Receivers throughout the league put in some of the most impressive performances in recent memory. Even on the other side at Ford Field was a dynamic (and definitely a diva, unlike Johnson) wideout in Dez Bryant, who had only three catches, but for 72 yards, with two TDs. His 24-yard average was higher than Johnson’s 23.5. Bryant drew attention, however, when cameras showed him angrily gesticulating on the sideline while his team blew a late lead.

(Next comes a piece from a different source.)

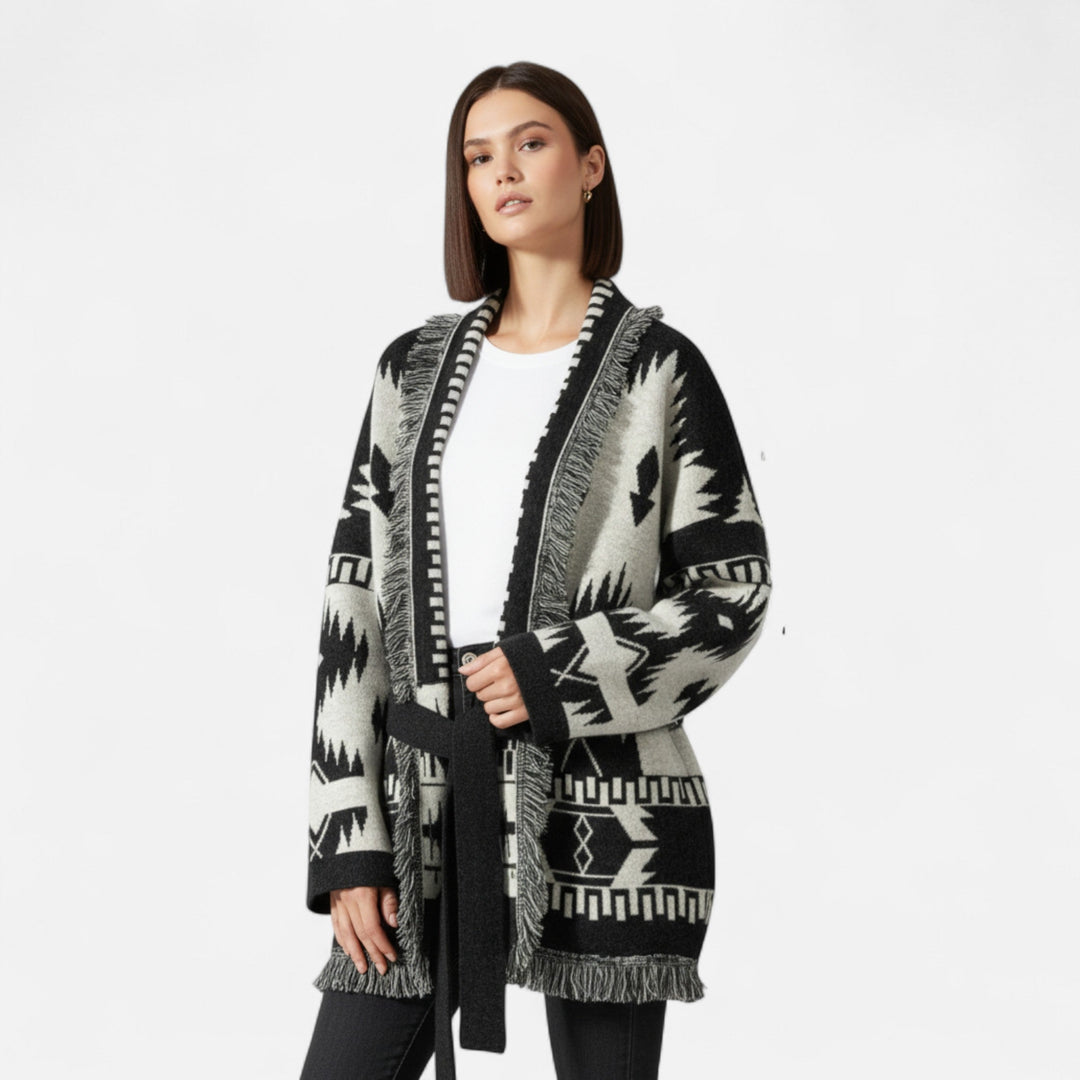 Luxuriöse Kaschmir Jacquard Strickjacke mit Quasten für Damen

“I’m passionate about this game, and I’m passionate about winning. My passion is always positive,” Bryant said. “People who have a problem with me are the people that don’t understand what is going on. The media and people who think I’m a problem – they don’t know what they are seeing.”

Elsewhere in the league:

Green Bay’s Jordy Nelson, the lone accomplished wideout still healthy for the Packers, had seven catches for 123 yards and two touchdowns in a 44-31 win over Minnesota. He played in the slot, rare for him, as well as outside.

“It worked out well,” Nelson said. “Got some good looks and open plays.”

Cincinnati’s Marvin Jones, a second-year wideout from California who previously had 16 catches this year and all of 18 in 2012, and Bengals star A.J. Green shined against the Jets. Jones made eight catches for 122 yards and scored four touchdowns in a 49-9 rout. The four TD catches are the most in a single game in Bengals history and the most in an NFL game since Nov. 18, 2007, when Randy Moss and Terrell Owens each had four.

Green grabbed only three throws from Andy Dalton, but gained 115 yards on them.

“I think people will see that now we have the players that can do it and help a superstar like A.J.,” Jones said.

Atlanta’s Harry Douglas, who has stepped up in the absence of standouts Julio Jones and Roddy White, added 12 catches for 121 yards in a loss at Arizona to his seven catches for a career-best 149 yards the previous week in a win over Tampa Bay. Douglas is a perfect example of a third receiver flourishing when made the top target. In today’s NFL, that happens more often than you might think, whether it’s for wideouts or tight ends.

Kenny Stills, a New Orleans rookie who has come on in recent weeks and had three catches for 129 yards, including touchdowns of 69 and 42 yards, in a 35-17 win over Buffalo. Stills, a fifth-round pick from Oklahoma, is just what Drew Brees and the Saints need: another game-breaker on offence.